**Task requirements:**
The lines to find are those in the entries that hold the word "their"; copy every one of them.

**Records for the exercise:**
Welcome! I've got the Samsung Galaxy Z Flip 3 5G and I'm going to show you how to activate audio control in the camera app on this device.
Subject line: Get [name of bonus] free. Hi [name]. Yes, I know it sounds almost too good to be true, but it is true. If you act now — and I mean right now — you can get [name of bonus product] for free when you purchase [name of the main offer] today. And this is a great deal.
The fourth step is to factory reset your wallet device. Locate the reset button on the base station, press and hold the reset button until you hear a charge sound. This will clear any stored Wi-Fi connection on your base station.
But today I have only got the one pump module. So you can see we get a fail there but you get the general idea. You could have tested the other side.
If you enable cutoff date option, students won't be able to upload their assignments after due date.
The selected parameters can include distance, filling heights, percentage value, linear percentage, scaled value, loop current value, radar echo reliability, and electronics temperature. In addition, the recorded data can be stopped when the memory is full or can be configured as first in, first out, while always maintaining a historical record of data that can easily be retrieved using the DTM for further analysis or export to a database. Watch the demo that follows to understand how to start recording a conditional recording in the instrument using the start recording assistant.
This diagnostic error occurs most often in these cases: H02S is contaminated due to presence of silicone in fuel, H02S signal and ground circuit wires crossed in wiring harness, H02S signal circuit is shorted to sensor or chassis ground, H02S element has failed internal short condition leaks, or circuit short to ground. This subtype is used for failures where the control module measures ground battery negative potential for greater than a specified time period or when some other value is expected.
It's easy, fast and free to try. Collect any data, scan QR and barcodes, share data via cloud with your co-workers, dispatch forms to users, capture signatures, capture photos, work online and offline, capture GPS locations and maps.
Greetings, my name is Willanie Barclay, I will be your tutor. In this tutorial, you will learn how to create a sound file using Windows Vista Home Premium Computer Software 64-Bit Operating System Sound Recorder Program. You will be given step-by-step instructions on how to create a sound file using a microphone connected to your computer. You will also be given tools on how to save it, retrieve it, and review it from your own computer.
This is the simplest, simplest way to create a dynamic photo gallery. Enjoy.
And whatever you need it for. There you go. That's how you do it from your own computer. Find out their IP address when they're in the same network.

**Solution for this problem:**
If you enable cutoff date option, students won't be able to upload their assignments after due date.
And whatever you need it for. There you go. That's how you do it from your own computer. Find out their IP address when they're in the same network.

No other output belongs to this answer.